(WHAT YOU SHOULD DO): Set down all of the entries below exactly, and omit the pictures.

(RECORDS TO USE):

---+---

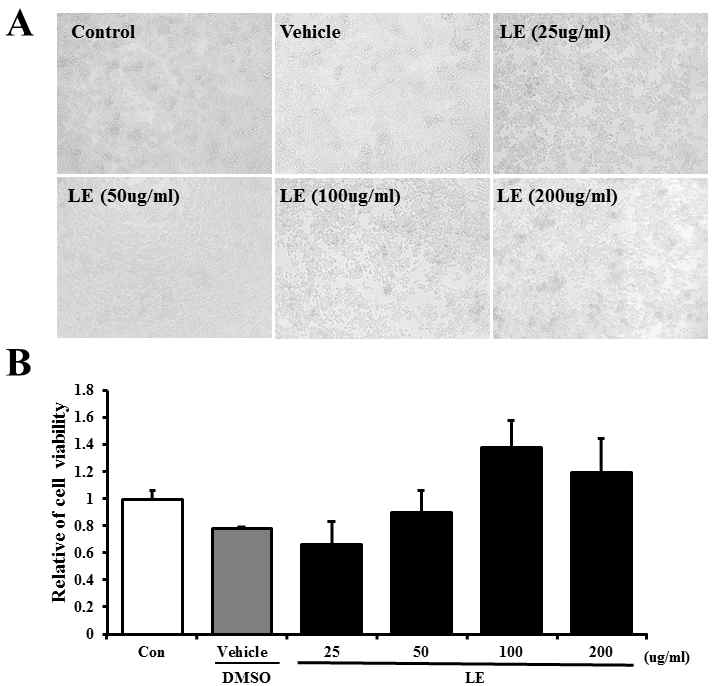 Effects of extraction of A. cochinchinensis (LE) on cytotoxicity in RAW264.7 cells.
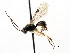 ( - CNCHYM 04761)  @14 [ ] CreativeCommons - Attribution (2011) CNC/CBG Photography Group Centre for Biodiversity Genomics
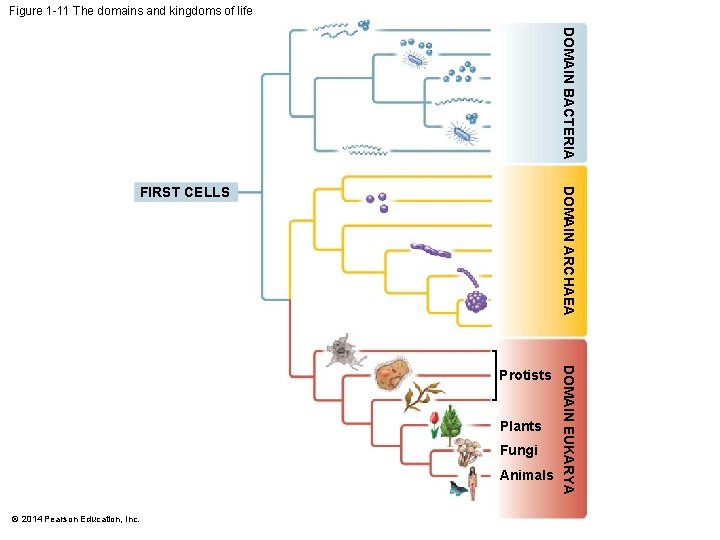 Figure 1 -11 The domains and kingdoms of life DOMAIN BACTERIA DOMAIN ARCHAEA FIRST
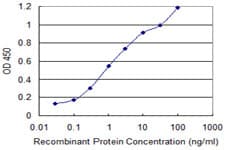 DATF1 / DIDO1 Antibody (clone 3B1)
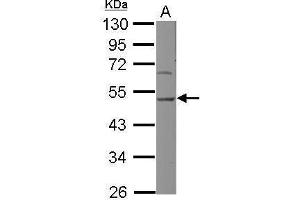 WB Image Sample (30 ug of whole cell lysate) A: NIH-3T3 10% SDS PAGE antibody diluted at 1:500 (SERPINH1 抗体  (Internal Region))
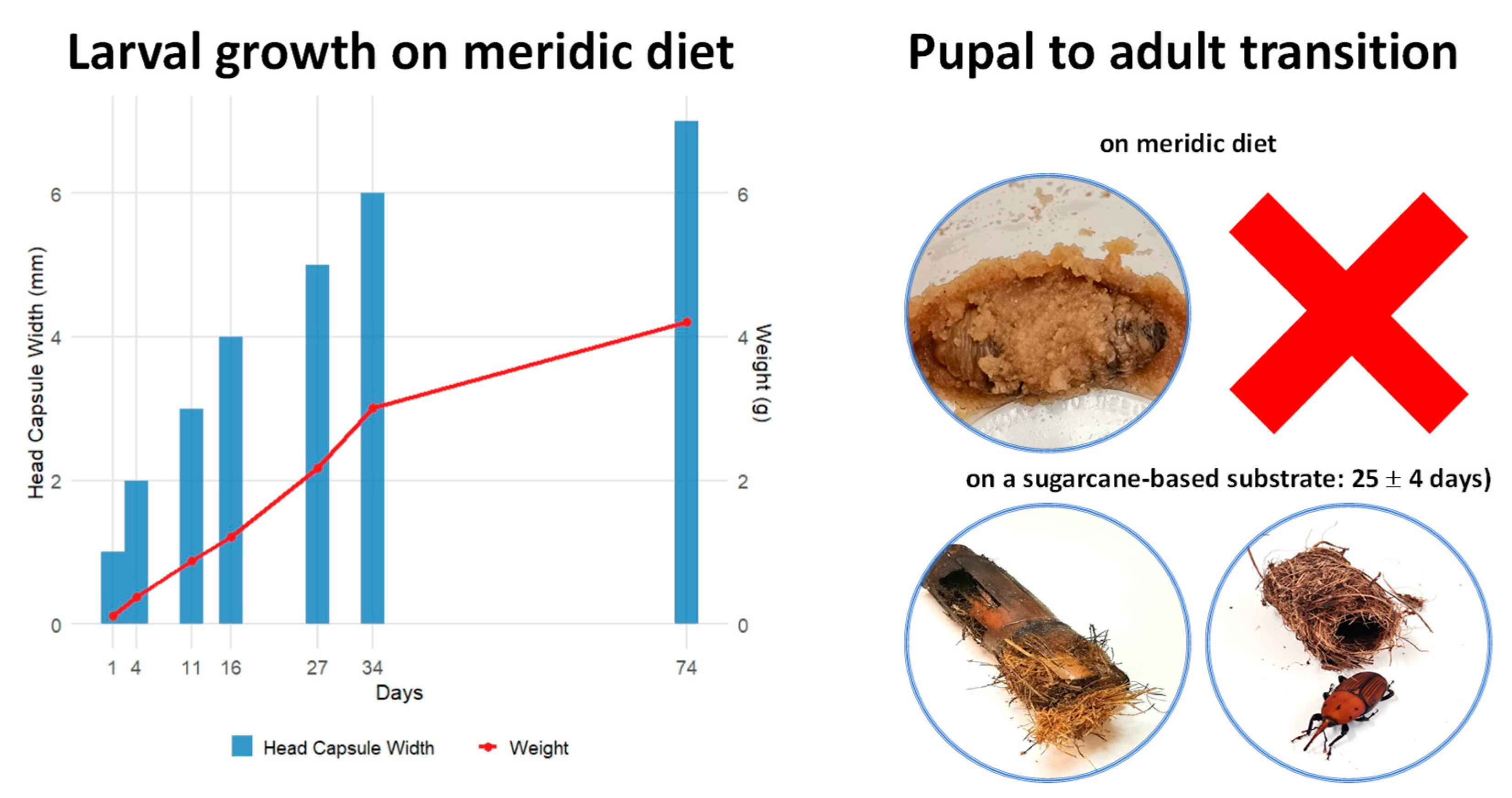 Toxins 17 00084 g001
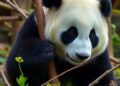 Panda-livestock interface reveals divergent virus-sharing patterns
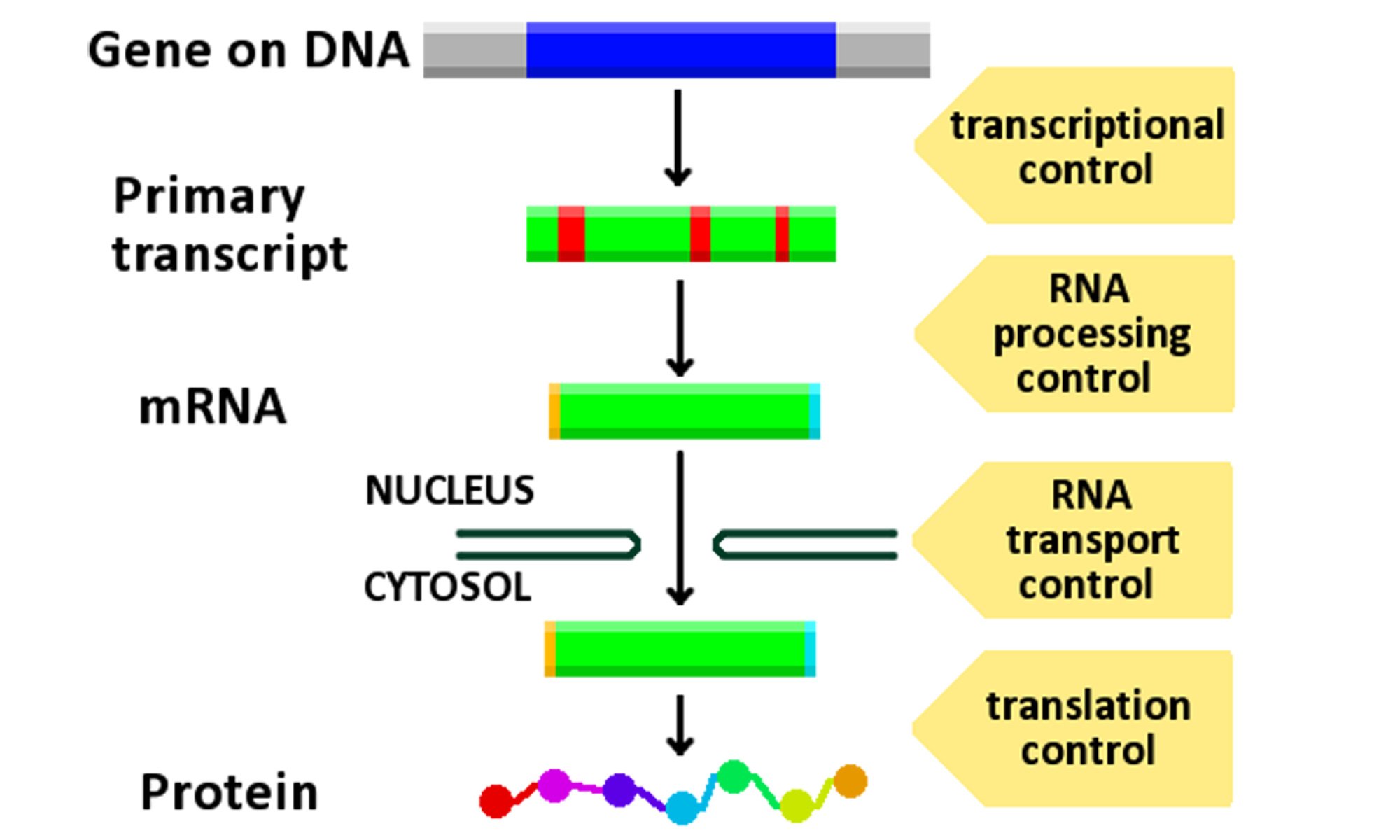 image of gene expression control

---+---

(TASK RESULT):
 Effects of extraction of A. cochinchinensis (LE) on cytotoxicity in RAW264.7 cells.
 ( - CNCHYM 04761)  @14 [ ] CreativeCommons - Attribution (2011) CNC/CBG Photography Group Centre for Biodiversity Genomics
 Figure 1 -11 The domains and kingdoms of life DOMAIN BACTERIA DOMAIN ARCHAEA FIRST
 DATF1 / DIDO1 Antibody (clone 3B1)
 WB Image Sample (30 ug of whole cell lysate) A: NIH-3T3 10% SDS PAGE antibody diluted at 1:500 (SERPINH1 抗体  (Internal Region))
 Toxins 17 00084 g001
 Panda-livestock interface reveals divergent virus-sharing patterns
 image of gene expression control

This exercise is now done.